Yavuz, AA muhabirine, yerli ve yabancı turistin özellikle deneyim turizmi için müzeyi tercih ettiğini söyledi.
Bakanlıkça verilen ödülün gerekçelerinden birinin de müzenin bu anlamda yarattığı değer olduğunu vurgulayan Kenan Yavuz, "Müzemizin temel misyonlarından bir tanesi de deneyim turizminde öncü olmak, özgün bir örnek olmak." dedi.
Turizm şirketleri ve acenteleriyle görüşme yaptıklarını anlatan Yavuz, "Yerli ve yabancı çok önemli turlar gelmeye başladı. İstiyoruz ki doğamızın, tabiatımızın kültür derinliğimizi bu toprakların anlamını ruhunu kokusunu, dokusunu hem Türkiye'ye hem de tüm dünyaya tanıtmak. Ve tabiatın, doğayla birlikte olmanın güzelliklerini birlikte yaşamak. Bu anlamda da çok önemli çalışmalara müzemiz devam ediyor." diye konuştu.
- "Yaz aylarındayız ama adeta bir ilk bahar yaşanıyor"
Yavuz, bölgede dört mevsimin doya doya yaşandığına dikkati çekerek şöyle devam etti:
"Şu anda yaz aylarındayız ama adeta bir ilkbahar yaşanıyor. Yine son baharda ayrı güzellikler oluyor. Dağlar kuşburnularla, çeşitli dağ meyveleriyle doluyor. Renkler farklılaşıyor. Her mevsimin burada ayrı bir güzelliği var. Metropollerde bunalan turistleri, gezginleri ve nefes almak isteyen herkesi bu güzelliğe bekliyoruz."
- "Pazartesi dopdolu, aydınlanmış, mutlu bir şekilde işe başlayacağız"
Müzede 4 gün geçiren bir turizm firması yetkilisi Sibel Tuna da müzeyi turist gibi değil keşif ruhuyla geldiklerini söyledi.
Gezgin olmanın ve bu gibi yerleri keşfetmenin çok değerli olduğunu dile getiren Tuna teknolojinin karşısında dokunuşun kazanacağına inandıklarını ifade etti.
Tuna metropollerdeki bir çok kişinin bu gibi yerlere ve aktivitelere ihtiyaç duyduğunu aktararak şunları kaydetti:
"Biz genç ekibimizle birlikte buraya geldik. Gerçekten çok güzel bir dönüşüm yaşıyoruz.

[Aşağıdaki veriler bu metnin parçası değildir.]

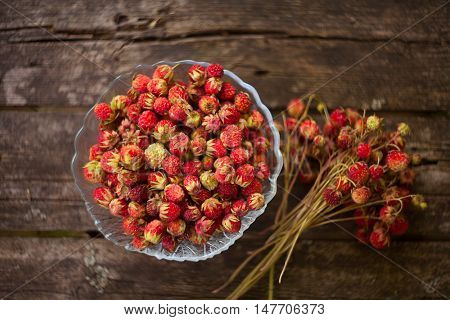Red Berries On Beautiful Background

Pazartesi dopdolu, aydınlanmış, mutlu bir şekilde işe başlayacağız. Burada sadece kültürel miras değil, doğadan bir parça bulmak mümkün. Yerel lezzetlerden tatmak mümkün ve bunlar gerçekten büyük kentlerde en çok ihtiyacımız olan şeyler. Bunlara ek olarak buraya çok büyük bir emek verilmiş. Çok değerli bir müze var. Uluslararası alanda tanınmış ve yaptığı çalışmalar tescil edilmiş. O zaman bizim aslında çok uzaklara gitmemize gerek yok. İstanbul, Ankara, İzmir'den yurdumuzu keşfetmemiz gerekiyor. Biz bunun öncülüğünü yapmak istiyoruz. Bunu anlatmak için 4 günümüzü ayırdık, keşfediyoruz, tanıyoruz ve öğrendiklerimizi hissettiklerimizi paylaşıyoruz."